This problem solving activity has a number focus.
NASA has been trying to reduce the fuel consumption of its large rockets.
Two companies, MOREGAS and JeTSAVE have come up with separate devices to save fuel.
The MOREGAS invention will save 30% of fuel and JeTSAVE’s attachment will save 40%.
One of the brains at NASA decides to couple the two devices.
How much fuel can they save together?
This problem explores percentages. Percentages are fractions that are used to express the whole divided into one hundred equal parts. One percent means one-hundredth part of a whole or unit, and the notation used is 1%. It is important that students develop a number sense for approaching percentage problems. To make reasonable estimates of percentage problems students need to be able to calculate 50%, 10% and 1% mentally. Students should also be able to accurately and fluently make percentage estimations based on their knowledge of fractions and decimals. The ability to estimate answers, to have a sense of what the answer should be, and then use a calculator or pen and paper for exact answers is a powerful combination of techniques.
NASA has been trying to reduce the fuel consumption of its large rockets. Two companies, MOREGAS and JeTSAVE have come up with separate devices to save fuel. The MOREGAS invention will save 30% of fuel and JeTSAVE’s attachment will save 40%. One of the brains at NASA decides to couple the two devices. How much fuel can they save together?
Could you use these devices to save 80% or more of the fuel?
What does it mean to save 30% of fuel? If 100 units of fuel are used per minute without the device, then only 70 units of fuel are used per minute with the device.
So, if you use the two devices, then of the 70 units that are used through the first invention, 60% of that, i.e. 42 units, are used in the second invention. There is a 58 unit or 58% saving.
Firstly, it's first worth noting that the NASA brain wasn’t so brainy. If he had used two of the JeTSAVE devices he could have saved 64%.
60 units (60% gets through the first device) and then 60% of 60 = 36 units gets through the second device. This is a saving of 64%. Adding a third device would lead to a 78.4% saving. That’s almost 80%. So adding a fourth device should surely do it.

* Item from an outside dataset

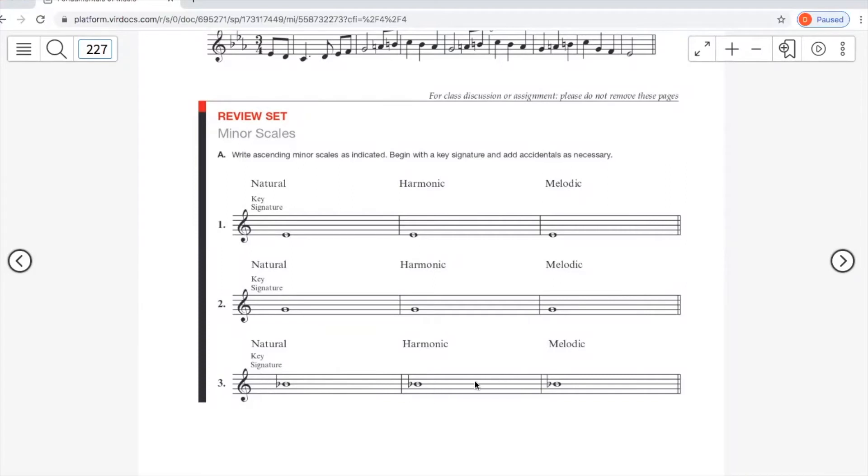Harmonic minor raises the seventh: B flat, C, D flat, E flat, F, G flat, A natural, B flat — the only extra accidental you should see is the natural sign on A. For melodic minor, add G natural and A natural going up: B flat, C, D flat, E flat, F natural, G natural, A natural, B flat. Descending returns to A flat, G flat, F, E flat, D flat, C, B flat — same as natural minor coming down.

That raises several questions. Why didn’t JeTSAVE think of that for themselves and put four devices in a row? How much fuel can you save by putting a hundred devices together? Can you save 100% of the fuel? What’s the catch here? I guess it’s all to do with cost. Maybe four JeTSAVE devices are extremely expensive and will cost more than they save. Maybe they are too big and will make the rocket too heavy. What else might be happening?